Mecenas od "trumny na kółkach" i jego żona usłyszeli zarzuty. Chodzi o narkotyki

2025-08-13 12:39

Mecenas od „trumny na kółkach” znów ma kłopoty z prawem. Adwokat Paweł K., skazany nieprawomocnym wyrokiem za spowodowanie śmiertelnego wypadku drogowego, został zatrzymany przez policję i usłyszał prokuratorskie zarzuty. Tym razem chodzi o narkotyki. Identyczne zarzuty postawiono jego żonie, również prawniczce.

Mecenas od "trumny na kółkach” zatrzymany przez policję. Tym razem chodzi o narkotyki

Łódzcy adwokaci - Paweł K. i jego małżonka zostali zatrzymani przez policję, a następnie doprowadzeni do Prokuratury Okręgowej w Łodzi. Obydwoje usłyszeli zarzuty dotyczące udziału w procederze handlu narkotykami.

- W Prokuraturze Okręgowej w Łodzi przedstawiono zarzuty dwójce łódzkich adwokatów. Zarzuty dotyczyły pomagania w udzielaniu, to jest sprzedaży narkotyków w postaci marihuany, mefedronu oraz kokainy. Pomoc miała polegać na tym, że przed planowanymi przeszukaniami policyjnymi u dealerów podejrzani zabierali środki i substancje z lokali, a następnie chowali je w ustalonych miejscach – przekazuje Eska.pl rzecznik prasowy Prokuratury Okręgowej w Łodzi, Paweł Jasiak. - Czyny te stanowią jednocześnie poplecznictwo, albowiem usuwano dowody potrzebne w postępowaniu prowadzonym przez Prokuraturę Rejonową Łódź -Bałuty.

Dodatkowo, w trakcie przeszukania mieszkania Pawła K., śledczy znaleźli prawdopodobnie znaczą ilość środków odurzających.

- W trakcie przeszukania w lokalu podejrzanego, które miało miejsce w poprzednim tygodniu, odnaleziono 45 gramów środka, który według wstępnych badań stanowi marihuanę – dodaje Paweł Jasiak.

Parze łódzkich adwokatów za pomoc w udzielaniu narkotyków grozi kara do 10 lat pozbawienia wolności, natomiast za poplecznictwo kara do 5 lat pozbawienia wolności. Wobec obojga podejrzanych zastosowano środki zapobiegawcze w postaci dozoru i zakazu opuszczania kraju. Dodatkowo obojgu zatrzymano paszporty.

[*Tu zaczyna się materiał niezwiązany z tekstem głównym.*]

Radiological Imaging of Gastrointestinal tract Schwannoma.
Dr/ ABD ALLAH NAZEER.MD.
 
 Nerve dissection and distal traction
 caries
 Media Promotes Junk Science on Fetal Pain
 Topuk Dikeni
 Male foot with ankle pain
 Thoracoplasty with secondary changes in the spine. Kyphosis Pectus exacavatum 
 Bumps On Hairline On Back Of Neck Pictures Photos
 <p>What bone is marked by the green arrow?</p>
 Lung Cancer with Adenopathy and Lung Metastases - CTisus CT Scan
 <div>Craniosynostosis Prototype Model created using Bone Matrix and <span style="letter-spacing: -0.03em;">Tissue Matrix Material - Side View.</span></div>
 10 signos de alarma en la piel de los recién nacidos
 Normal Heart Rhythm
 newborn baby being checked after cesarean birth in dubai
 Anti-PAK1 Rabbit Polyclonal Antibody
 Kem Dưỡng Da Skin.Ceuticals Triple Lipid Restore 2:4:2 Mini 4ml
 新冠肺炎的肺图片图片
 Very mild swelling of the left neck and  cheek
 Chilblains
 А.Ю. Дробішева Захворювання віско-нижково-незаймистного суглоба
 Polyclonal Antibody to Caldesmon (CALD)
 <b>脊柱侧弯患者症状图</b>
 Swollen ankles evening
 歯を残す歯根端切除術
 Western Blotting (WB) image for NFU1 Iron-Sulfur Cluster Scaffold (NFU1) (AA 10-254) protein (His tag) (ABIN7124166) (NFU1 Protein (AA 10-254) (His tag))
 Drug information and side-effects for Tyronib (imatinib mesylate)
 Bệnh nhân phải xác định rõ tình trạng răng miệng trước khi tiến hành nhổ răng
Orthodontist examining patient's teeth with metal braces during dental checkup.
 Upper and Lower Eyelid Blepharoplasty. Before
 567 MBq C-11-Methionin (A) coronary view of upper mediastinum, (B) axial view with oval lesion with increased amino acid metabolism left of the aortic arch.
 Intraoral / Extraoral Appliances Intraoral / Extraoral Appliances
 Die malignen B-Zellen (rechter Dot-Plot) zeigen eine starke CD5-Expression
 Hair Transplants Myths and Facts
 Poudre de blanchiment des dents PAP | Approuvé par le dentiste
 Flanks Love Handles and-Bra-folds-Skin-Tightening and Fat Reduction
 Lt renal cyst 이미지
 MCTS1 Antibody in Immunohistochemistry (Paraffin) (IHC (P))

Łódź Radio ESKA Google News

Nowe kłopoty prawne Pawła K. po głośnej sprawie wypadku

We wrześniu 2021 roku głośnym echem odbiła się tragedia na drodze Barczewo–Jeziorany w województwie warmińsko-mazurskim. 26 września mercedes prowadzony przez adwokata Pawła K. zderzył się czołowo z jadącym prawidłowo audi 80, w którym podróżowały dwie kobiety w wieku 53 i 67 lat. Obie zginęły na miejscu. Prawnik wracał wówczas z żoną i czteroletnim dzieckiem z wesela. Kobiety w audi zmierzały odwiedzić rodzinę – ich dzieci były ze sobą w związku małżeńskim. Jak ustaliła prokuratura, adwokat przekroczył podwójną linię ciągłą i wjechał na przeciwny pas ruchu, co doprowadziło do wypadku.

Niedługo później mecenas opublikował w internecie nagranie, w którym stwierdził, że ofiary podróżowały „trumną na kółkach” i sugerował, że lepiej pożyczyć pieniądze na lepszy samochód. Te wypowiedzi spotkały się z ostrą krytyką, a sąd dyscyplinarny zawiesił go na dwa lata w wykonywaniu zawodu i na pięć lat odebrał mu prawo patronatu adwokackiego.

We wrześniu 2022 roku do sądu trafił akt oskarżenia, a w kwietniu 2024 roku Paweł K. usłyszał wyrok dwóch lat więzienia oraz pięcioletni zakaz prowadzenia pojazdów. Orzeczenie nie jest prawomocne.

Prawnik miał jednak więcej problemów z prawem. W styczniu 2024 roku Izba Adwokacka w Łodzi informowała, że toczy się wobec niego siedem postępowań dotyczących m.in. naruszania dobrego imienia sędziów, niestawiania się na rozprawy oraz śladowych ilości kokainy wykrytych w organizmie po wypadku z 2021 roku. Pod koniec 2024 roku sąd dyscyplinarny wymierzył mu kolejną karę – cztery miesiące zakazu wykonywania zawodu i trzy lata zakazu patronatu – tym razem za publiczne wypowiedzi uderzające w prokuratorów i prokuraturę, w których m.in. mówił o „informacjach wyssanych z brudnego palucha”.